Víctor Gómez Pin
Vuelvo a la idea, común a Lucrecio y tantos otros, de que la naturaleza está regida por una implacable necesidad, que ni dioses ni hombres son susceptibles de perturbar en lo profundo. Esta convicción no significa considerar que la naturaleza se cierre totalmente al ser humano. Irreductible a toda voluntad de transformarla, la naturaleza es sin embargo permeable a la voluntad de conocerla. Siendo imposible violentarla, sí es posible desvelarla. Tal desvelamiento es lo que los pensadores griegos designaron como teoría o contemplación de la naturaleza, es decir la física, búsqueda de los constituyentes de la necesidad que están más allá de lo que se muestra, hipótesis de que en lo profundo legisla el aire, o el fuego, o quizás meramente átomos rodeados de vacío e incluso (hipótesis hiperbólica) realidades aritméticas o geométricas).
Y desvelar la naturaleza es lo contrario de intentar transformarla en su esencia, ya se trate de la interna relación de fuerzas en la naturaleza inerte o de la naturaleza específica de los seres vivos. A diferencia de lo que creía Aristóteles, las especies ciertamente no son eternas. Al igual que los individuos (aunque en una escala diferente) también las especies se hallan afectadas por el tiempo. Mas por muy provisional que sea su estabilidad, hablar de especie es referirse a un conjunto de rasgos invariantes que determinan un comportamiento y con los cuales es peligroso jugar. El individuo de una especie dada es heredero de unos rasgos potenciales que tienden a actualizarse, y es desde luego contra natura el pretender que se actualicen los rasgos que corresponden a otra especie, cosa a la que implícitamente parece aspirarse cuando, por ejemplo, se trata a un can como a un niño, esperando que llegue a asumir el comportamiento de este último.
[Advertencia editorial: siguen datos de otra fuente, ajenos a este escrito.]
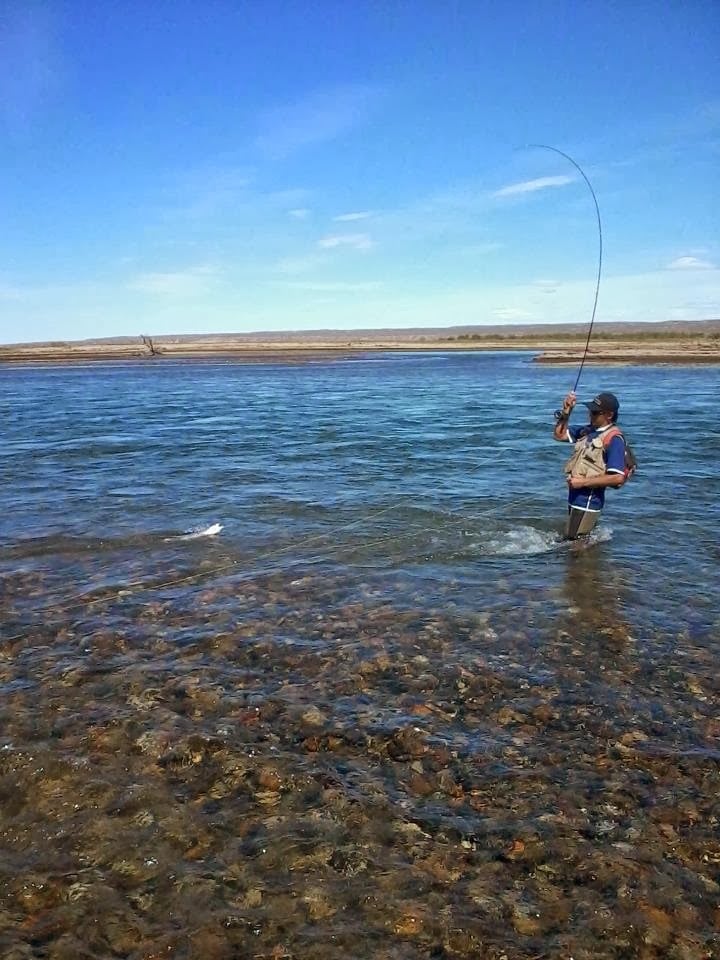 Pesca con Mosca en Picún Leufú 1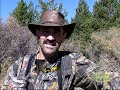 Elk Hunting Rutting Bulls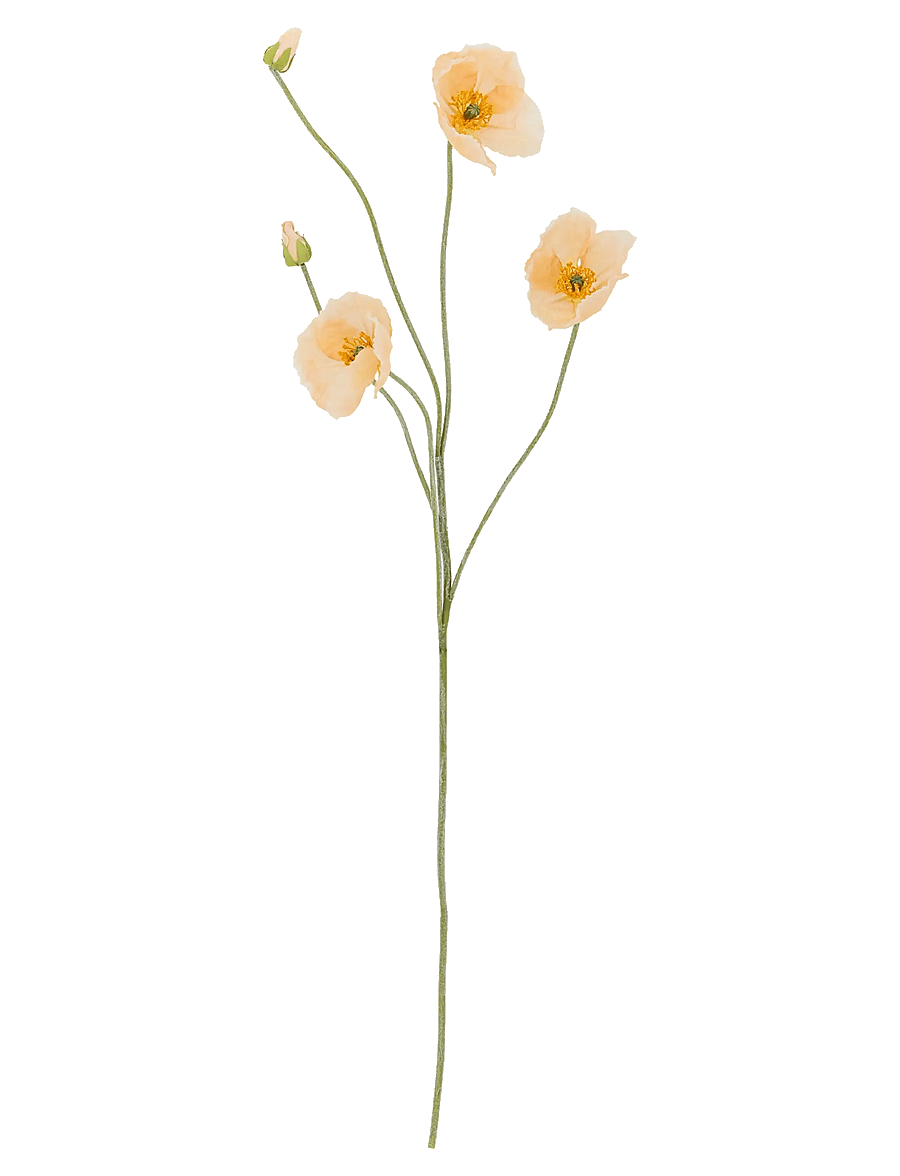 Bloomingville - Poppy Stem - madalaimad hinnad - cream - 0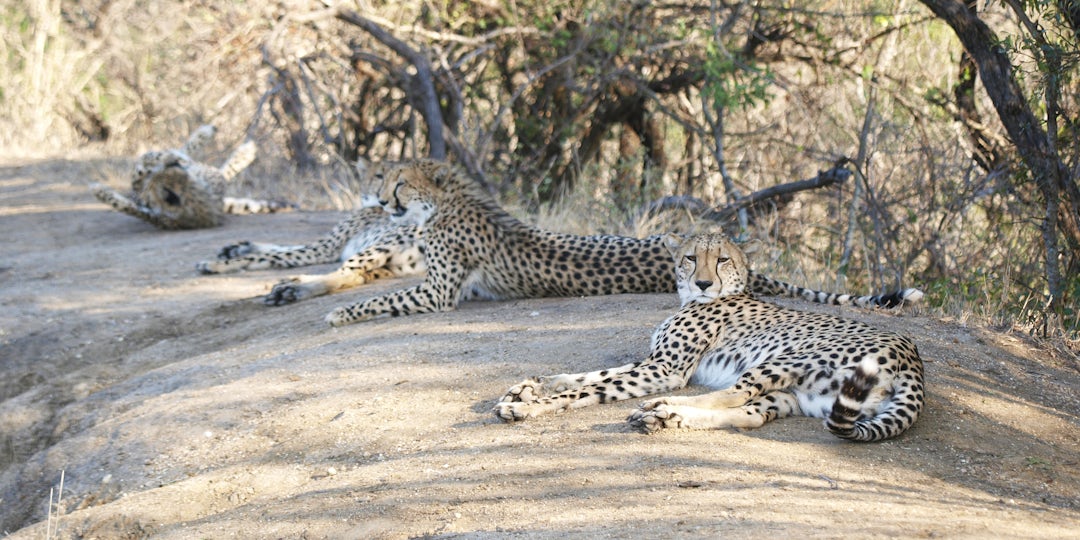 Kruger Nationalpark Safari in Südafrika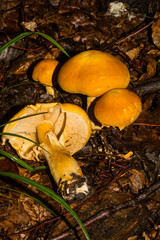 Hygrophorus chrysodon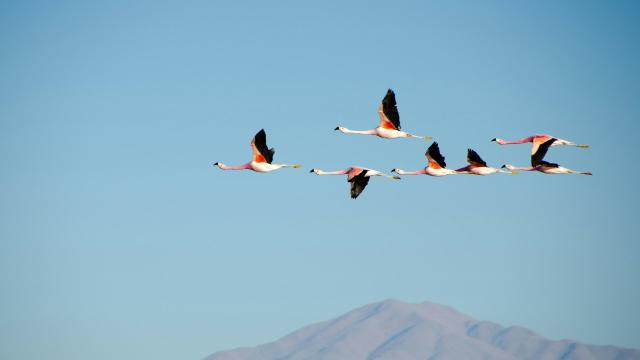 Joining the R Community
Entre los casos singulares de relación entre humanos y animales que a intervalos saltan a los medios de comunicación hubo hace un tiempo el de un ciudadano ruso que decidió criar un cachorro de oso como si se tratara de su propio hijo, acostumbrándole entre otras cosas a la alimentación propia de los humanos. Al parecer la cosa funcionó hasta que a los cuatro años el oso se negó a seguir la acostumbrada pauta de alimentación, prefiriendo…comerse a su padre adoptivo. Este caso es buena muestra de lo inútil que es intentar hacer abstracción de que la división específica es la expresión misma de la realidad natural y en consecuencia negar la irreductibilidad de las especies es negar lo que la naturaleza misma ha marcado. Esa naturaleza que, al decir de lo atribuido a Horacio “por mucho que se la expulse con una horquilla siempre retorna”.